Un an après les élections présidentielles, l’Argentine est confrontée à une situation répréhensible: les politiques de Javier Milei ont plongé les travailleurs et les populations vulnérables dans une situation encore plus difficile.

En dépit de l’importance qu’occupait son plan anarcho-capitaliste dans les médias traditionnels et de ses promesses de prospérité économique et de réduction de l’inflation, la thérapie de choc économique de Javier Milei se traduit par un coût social indéniable.

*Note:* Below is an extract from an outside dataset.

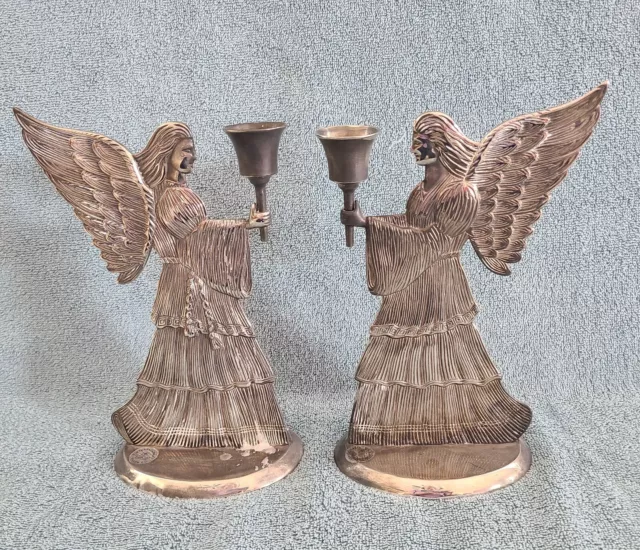 International Christmas Sterling Silver Plate 1994 Angel Candle Holder 9-in Tall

Le tissu social mis à rude épreuve

L’administration de Javier Milei a ébranlé les fondations mêmes du contrat social argentin en matière de droits du travail et de droits civils, et aggravé les inégalités à force de réduire les dépenses publiques, de criminaliser la contestation et de donner davantage de pouvoir aux intérêts des entreprises.

Des coupes équivalant à 4 % du PIB ont été opérées sur les pensions, les salaires du secteur public, les programmes de protection sociale et les travaux publics, c’est-à-dire l’oxygène des communautés qui reposent sur les infrastructures et les services sociaux. L’élimination quasi-totale des dépenses d’infrastructure a non seulement interrompu les travaux d’entretien essentiels, mais aussi détruit des centaines de milliers d’emplois dans le secteur de la construction et les industries connexes.

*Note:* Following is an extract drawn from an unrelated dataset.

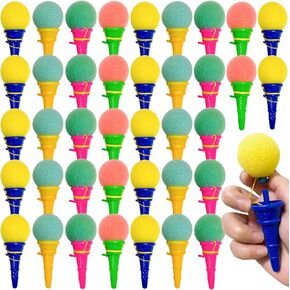 Hdagbnn 36 Pcs Ice Cream Shooters Toy,4 Inch Ice Cream Ball Toy,Mini Ice Cream LauncherCream, Foam Ball Launcher Cone Sponge Balls for Carnival Prize,Party Favors,Goody Bag Filler Kids,Children Gifts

Les pensions, qui constituaient auparavant un filet de sécurité primordial, ont perdu 22 % de leur pouvoir d’achat en l’espace d’un an seulement. Les subventions allouées aux secteurs publics de l’éducation, de la science, des transports et de l’énergie – capitales pour des millions de ménages – ont été drastiquement réduites. Parallèlement, ces réductions ont été assorties d’allègements fiscaux pour les Argentins les plus riches, ce qui n’a fait que creuser un peu plus le fossé entre les riches et les pauvres.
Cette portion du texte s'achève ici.